The Volta River Authority (VRA) has reached an agreement with Cote d’Ivoire for the supply of 50 megawatts of electricity to Ghana under the West Africa Power Pool project, to augment the shortfall in electricity supply in the country.

The measure is part of several other contingency interventions including reducing power supplies to Togo and Benin to contain the energy crisis that has hit the country.

Officials of the three power production and distribution companies — VRA, Ghana Grid Company (GRIDCo) and the Electricity Company of Ghana (ECG) – are hoping the measures will help contain the situation until problems with gas supplies from the West Africa Gas Pipeline Company (WAPCo) are resolved.

Currently the country supplies some 70 megawatts to the two countries under bilateral arrangements supported by the Bretton Woods institutions since the 1970s.

These and other measures including a nearcompletion of planned maintenance in Takoradi and the ongoing load shedding exercise which schedules were expected to be published by the ECG on Tuesday are contingency measures.

The country is experiencing a shortfall in power production and distribution as a result of a cut in supply of gas from WAPCo.

The pipeline, according to WAPCo, had experienced a loss of pressure around the Lome, Togo segment after it was damaged by the anchor of an unidentified vessel.

This is not the first time the country has had to resort to load shedding as a result of problems with gas supply from WAPCo.

Earlier in the year, gas supply was cut as a result of poor quality of gas from WAPCo.

The technical challenges have affected the supply of gas to the VRA and caused a shutdown of the Sunon Asogli Power Plant which runs solely on gas and adds 200 megawatts to the country’s energy stock.

To keep the system running in the face of the deficit created by the shutdown of the Asogli Plant and a planned maintenance programme which has denied the system of 100 megawatts from a plant in Takoradi, GRIDCo has directed the ECG to cut down supplies by 300 megawatts during peak hours that is between 6 am and 6 pm and 100 megawatts during off peak hours 6 pm to 6 am.

Speaking at a press conference in Accra, the ECG acting Managing Director, Mr William Hutton-Mensah, said the company was giving

topmost priority to industry to ensure that its operations were not adversely affected by the load-shedding exercise.

“We want to alleviate plight in terms of supplies to industry.

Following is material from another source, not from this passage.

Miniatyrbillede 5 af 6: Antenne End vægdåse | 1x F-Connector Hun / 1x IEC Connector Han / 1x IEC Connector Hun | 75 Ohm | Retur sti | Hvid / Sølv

The assurance is that there would be minimum effects on them in terms of power supply to them. As much as we can, we would like to avoid putting off industries.”

Explaining the cause of the crisis and measures being taken to ensure the flow of gas, the Deputy Chief Executive of the VRA in charge of Services, Mr Maxwell E.Y. Odoom, said a ship from Gabon was on its way to Lome to inspect and deal with the situation.

Although he could not immediately give the exact period the problem would be resolved, he gave an assurance that the vessel would arrive in 24 hours’ time but its ability to deal with the repairs was dependent on the extent of damage.

He discredited the assertion that the situation was an act of sabotage, saying “it is not VRA equipment that has a problem and therefore, could not supply gas for use of the VRA”.

He said the current situation would cost the country between $40 million and $45 million dollars per month but gave an assurance that the cost would not be transferred to consumers.

Ideally, the country needs some 1,700 megawatts to satisfy the entire country and extra 300 in reserves but the Chief Executive Officer of the Ghana Grid Company (GRIDCo), Mr Charles Darku, said the growth in load and consumption had not met the level of investment, thereby resulting in the country eating deep into its ideal 300 megawatts reserve which would have saved the current situation.

“The load or consumption has grown rapidly ahead of generation and our reserves are tight,” he said.

He said the current problem would be averted if gas supply was restored to the Asogli plant.